To demonstrate the usefulness of the dataset as well as to validate its general integrity, the first case study employs selected quantitative tools and explores the traces of Chinese meta-discourse concerning the US. The case study builds on the fact that the US has played a crucial role in China’s international relations for decades and as a leader of the liberal democratic world, it can be regarded as the “significant other” for the Communist China. Moreover, after decades of dynamic rise, by the end of 2010s (at the latest), China has established itself by most counts as the second most powerful nation-state in the international system and perhaps the only serious peer contender to the US – although still arguably from far away [52]. As we saw previously, the US has been central to both “low profile” diplomacy – when China was not interested in confrontations and focused primarily on the economy and cooperation – as well as during the periods of “Chinese assertiveness” and “Chinese influence”, when China came to be perceived as opening new fronts in anti-Western and anti-US activity. Looking at how the US appears in the Chinese official foreign policy discourse is of outmost importance both as an expression of Chinese foreign policy as well as a way to understand self-perception of Chinese government in relation to its main peer rival. The collected dataset allows us to explore both longitude dynamics, as well as topical connections between various issues.
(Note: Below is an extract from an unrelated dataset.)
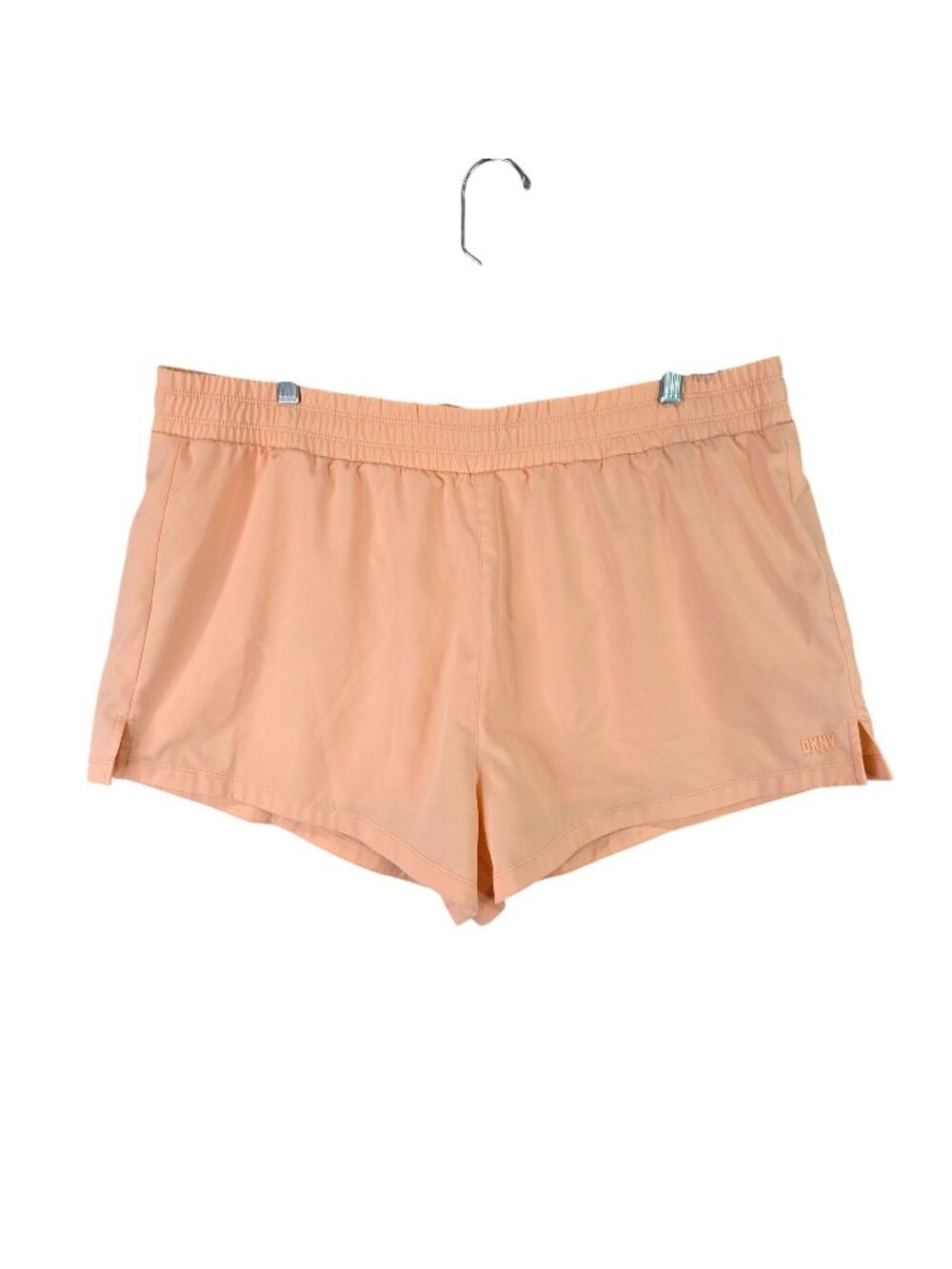 Womens DKNY Sport Peach Elastic Waist Athletic Shorts 2.5" Inseam Polyester XL
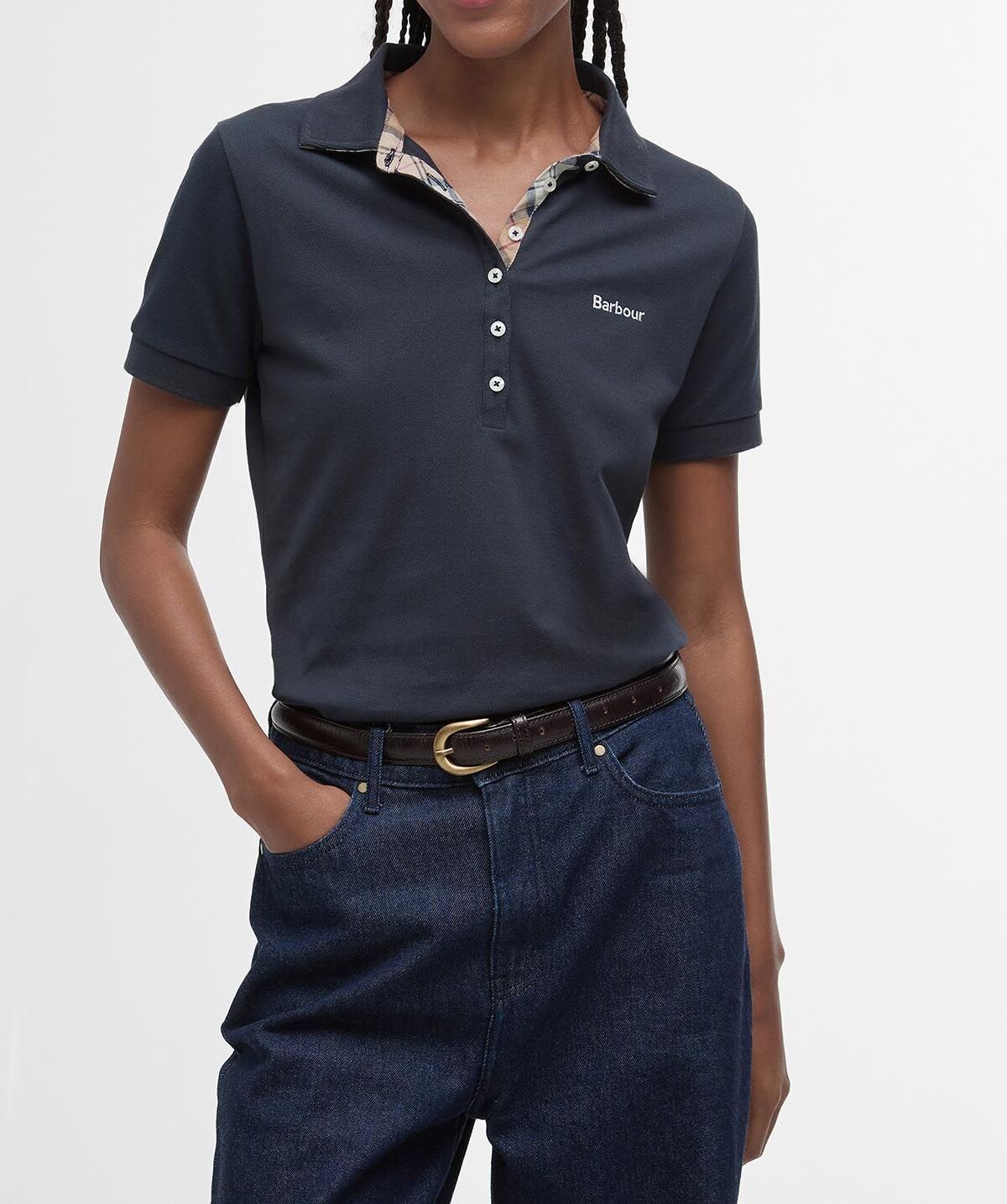 BARBOUR Polo Donna Portsdown-Navy Hessian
To begin, we took the extracted named entities and analyse them for the occurrence of keywords that explicitly refer to the United States as a country or its highest representatives. This includes a narrow country references (US; USA, United States; Washington) as well as its main representatives (presidents [Bush, Obama, Trump] and secretaries of state [Pompeo, Tillerson, Kerry, Clinton, Rice, Powell]). If any of the keywords is found, the list of extracted entities, a tag referring to US, is assigned to a specific question/response dyad. We use these tags for sub-setting the corpus only to responses concerning the US so they can be analysed for prevailing Chinese discourse in relations to the country in question. In order to highlight the potential differences in prevailing narratives before and after the change in Chinese leadership (Hu Jintao [2002–2012]; Xi Jinping [2012 - present]), we split the sub-corpus to period before and after November 15, 2012 (see summary in Table 1). To map the overall discourse, we first focus on changes in sentiment polarity in answers concerning the US. Second, we summarize the changes identified under Hu Jintao and Xi Jinping as consistent phrases that are present in our datasets and visualize them in a discourse network. The imbalanced data is not an issue for any of the presented analysis as both sentiment scores and pairwise correlations of words (i.e. consistent phrases) are normalized within their respective subcorpora (average sentiment is measured on the level of sentences; probabilities of co-occurrences of words are relative to number of sentences).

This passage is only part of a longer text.